La produzione da parte di Stellantis di un nuovo motore Diesel 1.6 Euro 7 sarebbe in partenza (o addirittura già partita, almeno in parte) alla Teksid Aluminium di Carmagnola.
A lanciare l’indiscrezione è il canale TerzoGarage, in genere ben informato su ciò che riguarda il mondo dei motori, che parla di notizia proveniente da fonti attendibili e colloca proprio nello stabilimento carmagnolese l’avvio delle prime lavorazioni per la realizzazione del basamento.
Il video di TerzoGarage dedicato al nuovo motore Diesel che Stellantis avrebbe iniziato a produrre a Carmagnola
«Stellantis ha avviato la produzione di un nuovo motore diesel e non è una fake news – afferma il giornalista e viodeomaker Alberto Prieri, sommarivese, volto di TerzoGarage- La Teksid di Carmagnola è una fonderia che ha sempre sfornato storicamente monoblocchi per la Fiat».
Le certezze, precisa il canale, si fermano a questo punto. «Però non è una notizia da poco -sottolinea Prieri- Vuol dire che il Diesel non è morto, anzi: questo confermerebbe le voci già uscite circa un anno fa secondo le quali Stellantis avrebbe in programma la progettazione e la fabbricazione di un nuovo motore a gasolio secondo la normativa Euro 7».
Resta invece aperta la questione della filiera produttiva complessiva. «È difficile sapere se questo motore sarà prodotto interamente in Italia o in collaborazione tra i vari stabilimenti del gruppo anche all’estero», osserva l’esperto, così come non è ancora chiaro su quali modelli sarà possibile vedere questo nuovo motore.
Secondo l’analisi di TerzoGarage, l’ipotesi dei veicoli commerciali non sarebbe la più probabile. «Per questi Stellantis produce già i 2.2 diesel a Pratola Serra; quindi, vista anche la cilindrata, sarebbe più indicato per un’auto». Una delle possibilità è che si tratti di un aggiornamento del 1.6 diesel da 130 cavalli che oggi equipaggia la nuova Alfa Romeo Tonale.
Non si esclude nemmeno una declinazione elettrificata: «potrebbe essere una nuova soluzione per un mild hybrid diesel, una tecnologia che Stellantis non ha ancora a catalogo», aggiunge Prieri, collegando questa mossa anche al quadro normativo europeo.

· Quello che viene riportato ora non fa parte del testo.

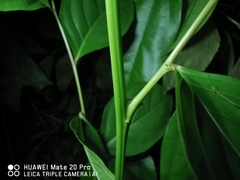 Glochidion zeylanicum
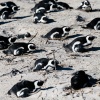 Brillenpinguine Boulders Beach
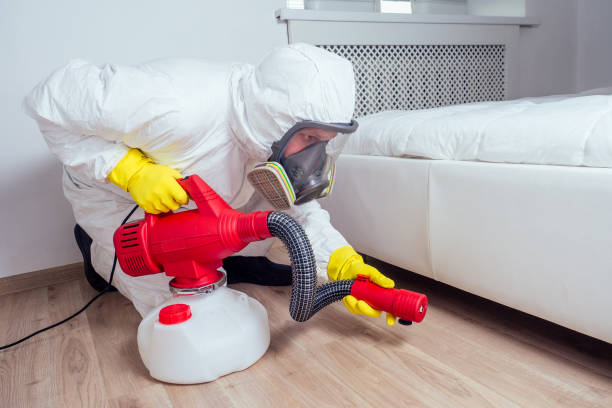 Best Local Pest Control Services  in Henderson, TN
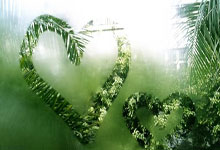 乒乓球——WTT重庆冠军赛：王楚钦男单夺冠.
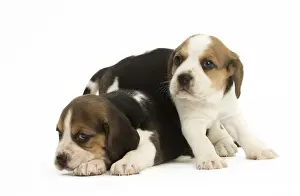 Beagles Prints: Picture No. 11991674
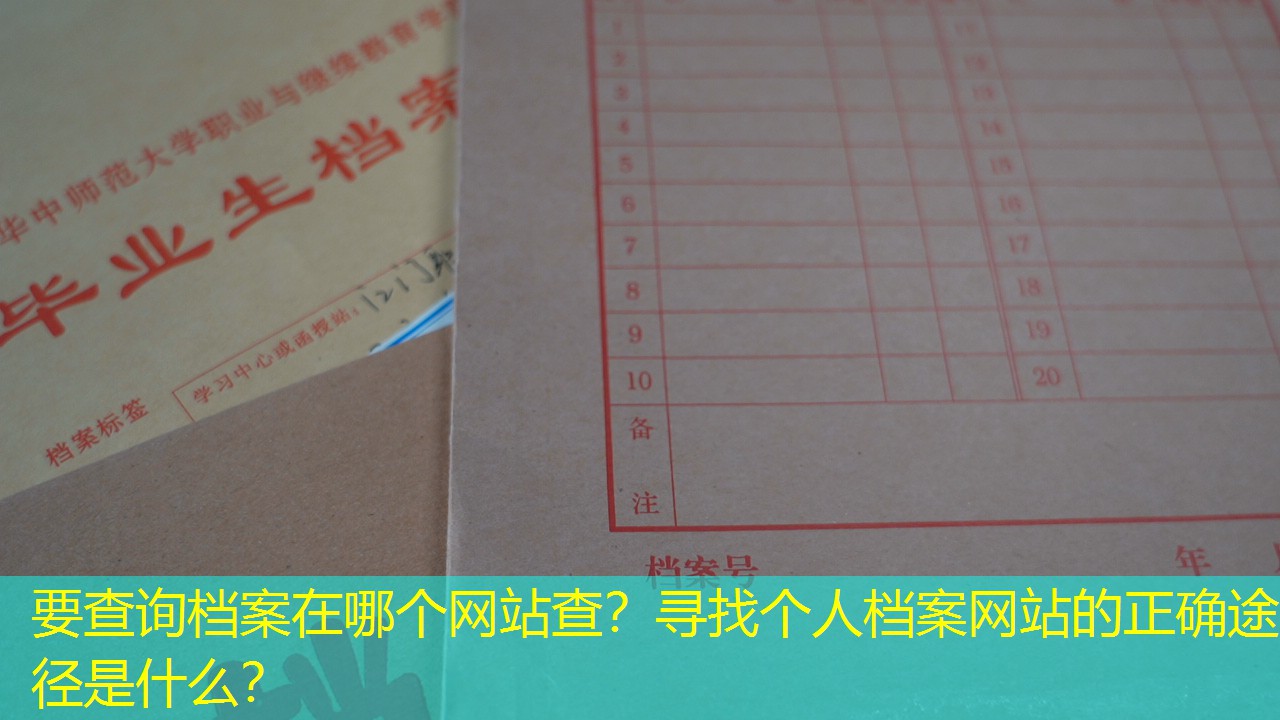 档案查询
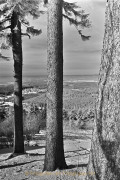 Monatsthema Wald - Fotograf Stefan Zimmermann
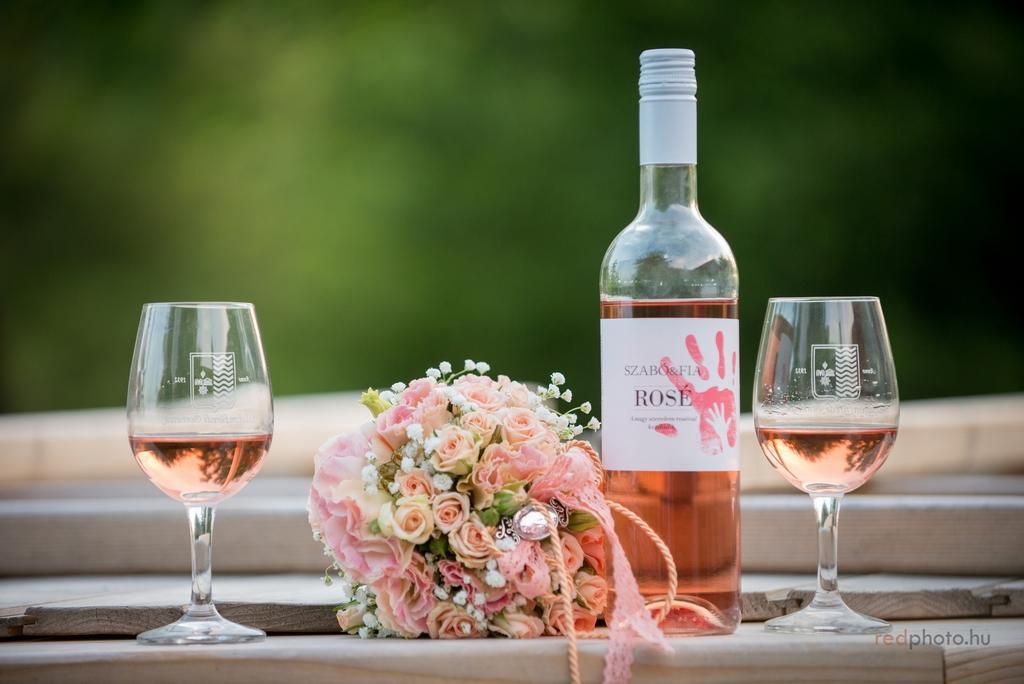 Juhfark Fogado Es Borhaz Bed & Breakfast Balatoncsicso Bagian luar foto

Resta infine l’incognita dei mercati di destinazione: «Non è detto che le eventuali nuove auto a gasolio con questo motore siano vendute nel vecchio continente -osserva ancora il giornalista- Potrebbero anche essere destinate al Nord Africa o al Sudamerica».

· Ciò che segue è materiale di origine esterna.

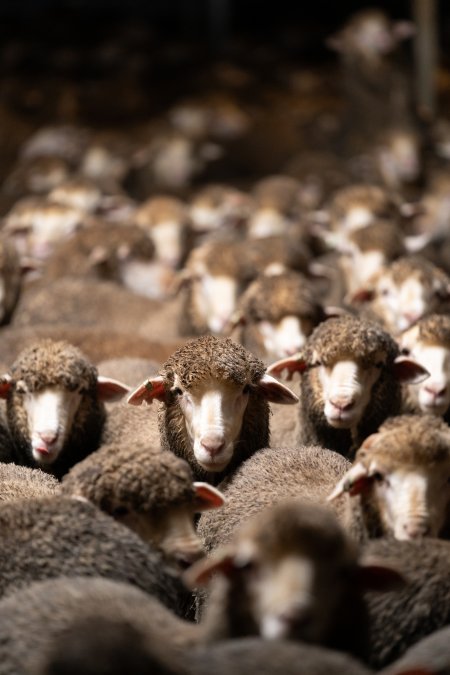 Sheep at Kaladbro Station feedlot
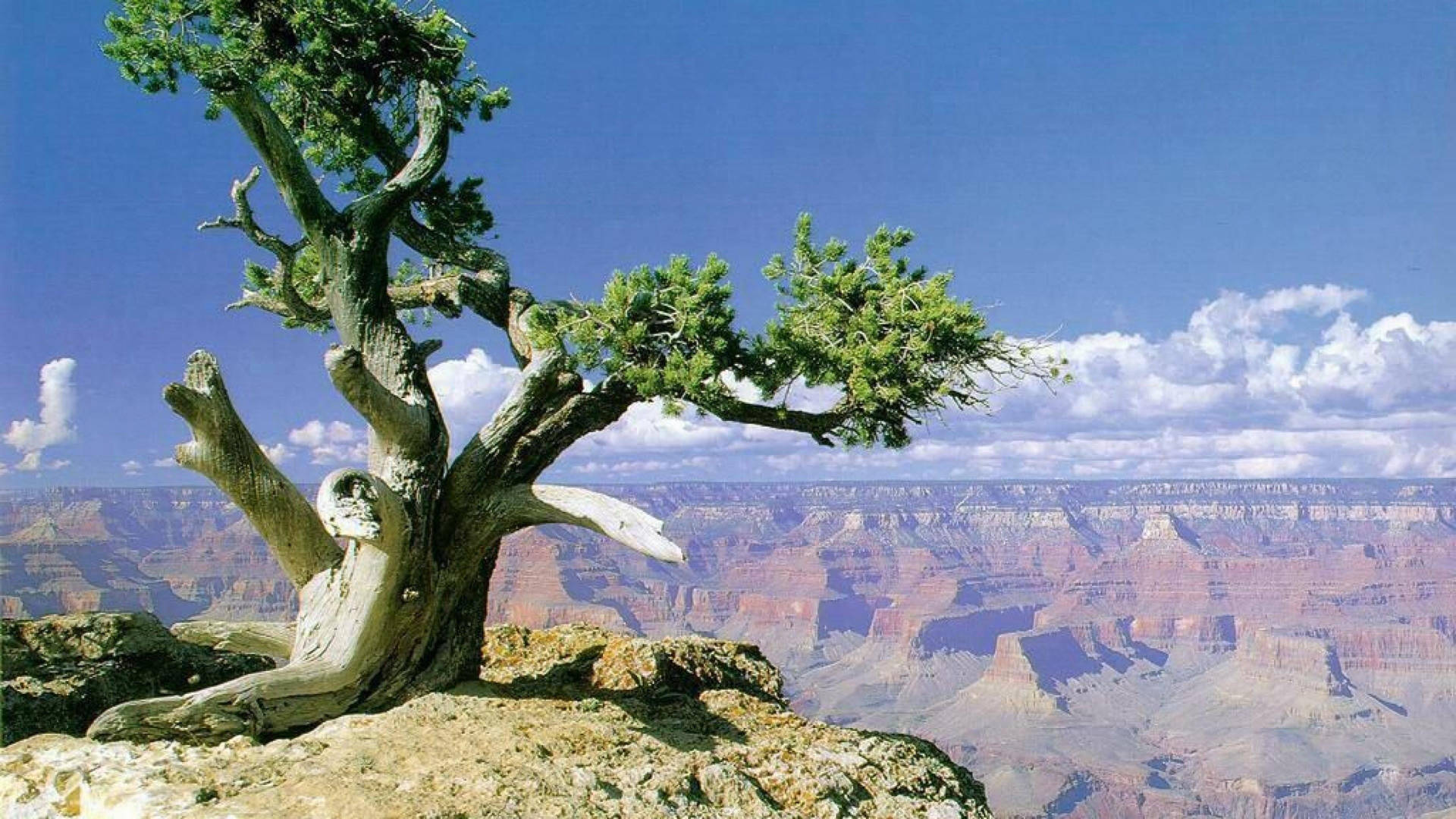 Tree At Grand Canyon Background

Accanto al capitolo diesel, TerzoGarage segnala un’ulteriore produzione in partenza a Carmagnola, sempre secondo la stessa fonte.

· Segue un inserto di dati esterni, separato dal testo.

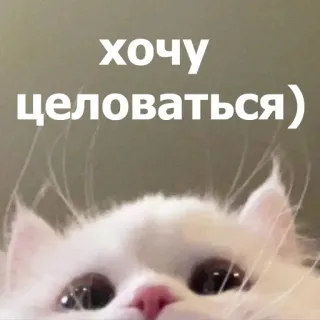 😚 хочу целоваться) แมว, จูบ, อยากจูบ, น่ารัก, แมวขาว telegram sticker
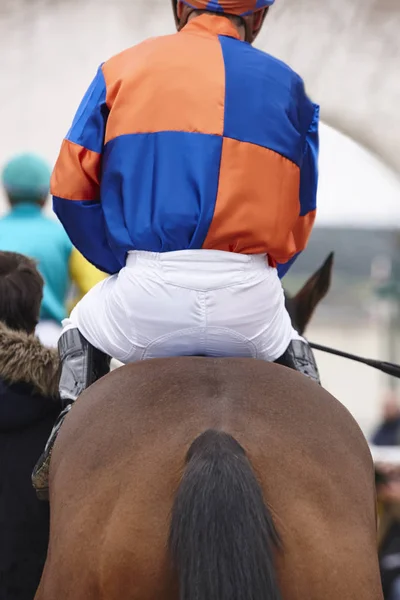 Cavalo de corrida com jóquei pronto para correr. Área do cais . — Fotografia de Stock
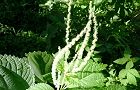 110718-yabumao2.jpg(6625 byte)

«Nello stesso stabilimento sono in produzione nuovi motori termici per Abarth, destinati alla nuova 500 Abarth -spiega Prieri- Non si tratterebbe di poche unità, ma di decine di migliaia di motori: tra le 20.000 e le 30.000 unità».
Anche in questo caso si tratterebbe di una soluzione evoluta: «Potrebbe essere un motore benzina inserito in un sistema mild hybrid, come quello già montato su Jeep Avenger o Alfa Romeo Junior, ma con prestazioni più elevate, coerenti con il marchio Abarth».
Le informazioni, ribadisce TerzoGarage, sono in attesa di conferma ufficiale da parte di Stellantis, già contattata per un riscontro.
Tuttavia, se confermate, rafforzerebbero il quadro già emerso nelle scorse settimane sullo stabilimento carmagnolese, che -come confermato in parte anche dai sindacati- continua a registrare volumi elevati e un ruolo strategico nelle lavorazioni legate ai motori termici e ibridi del gruppo.